Sarebbe bello se veramente fosse vero che, come comunemente si dice, le fotografie sono nel computer. In realtà le così dette fotografie digitali non stanno in nessun luogo. Filosoficamente parlando si è sempre distinto tra l’immagine e il supporto che la sorregge. Però poi, senza quel supporto, l’immagine non riesce a concretizzarsi e risulta sfuggevole anzi inesistente: è solo un fantasma. Il negativo invece mi garantisce che la mia fotografia esiste. Pensateci bene, questa garanzia il computer o la memoria della macchina fotografica non ve la da.  Anzi vi induce a fare continui backups per non perdere i vostri dati.

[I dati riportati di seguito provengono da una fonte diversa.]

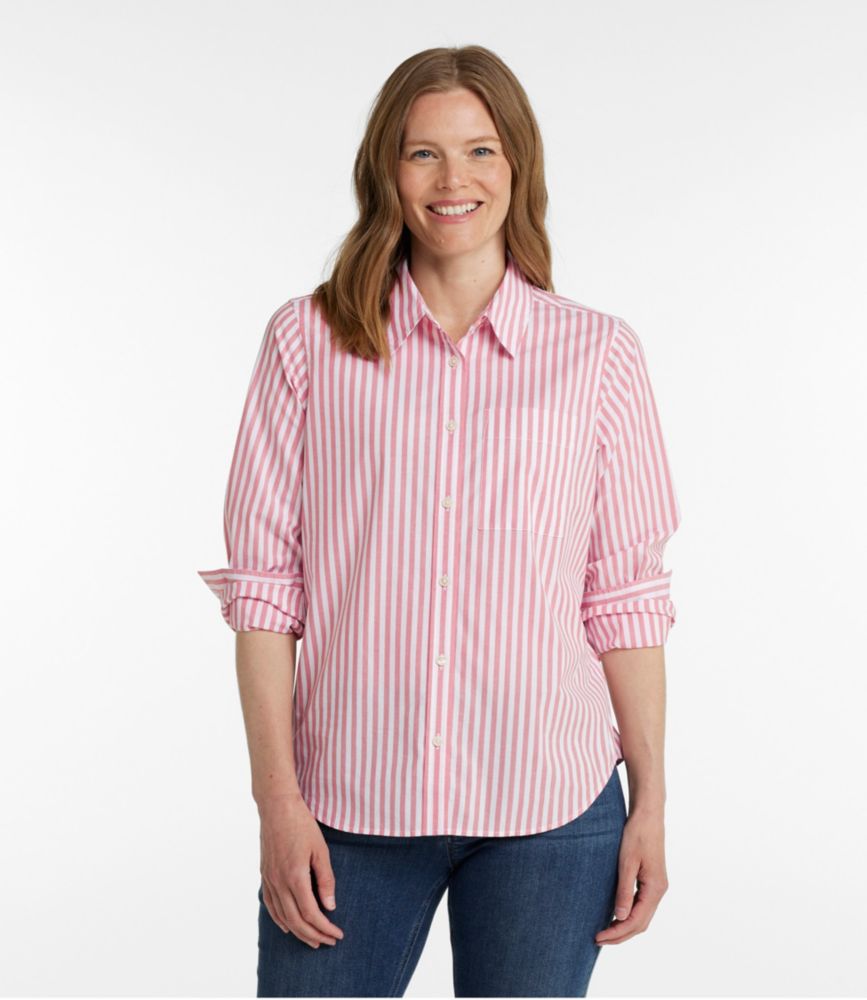Women's Essential Cotton Poplin Shirt, Long-Sleeve - leoleo123123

È paradossale cercare di salvare qualcosa che non ha esistenza fisica. Anche i pensieri sono percepiti da noi come slegati da un supporto e infatti è stata inventata la scrittura per materializzarli e organizzarli ma poi la sensazione è che i pensieri siano nella testa quando pensiamo. Le fotografie digitali, invece, occupano un non luogo e sono un nulla fintanto che non le stampate. Sono come certe allucinazioni, ci sono ma non ci sono. Anzi non ci sono ma pretendono di esserci. Poi amo il negativo anche per ragioni estetiche: quando lo guardo, con i suoi grigi o strani colori arancio, mi da  da pensare. La fotografia nella memoria del computer no, non la vedo e quando la vedo,  appare su uno schermo che può anche mostrarmi qualcos’altro. Il negativo invece altro non può essere che il supporto che fisicamente ha registrato la fotografia e come tale diviene oggetto del mio pensiero, un pensare che io amo, anche perché posso toccarlo con le mani. Provate a toccare le fotografie digitali, non vi sentite frustrati per la loro inesistenza?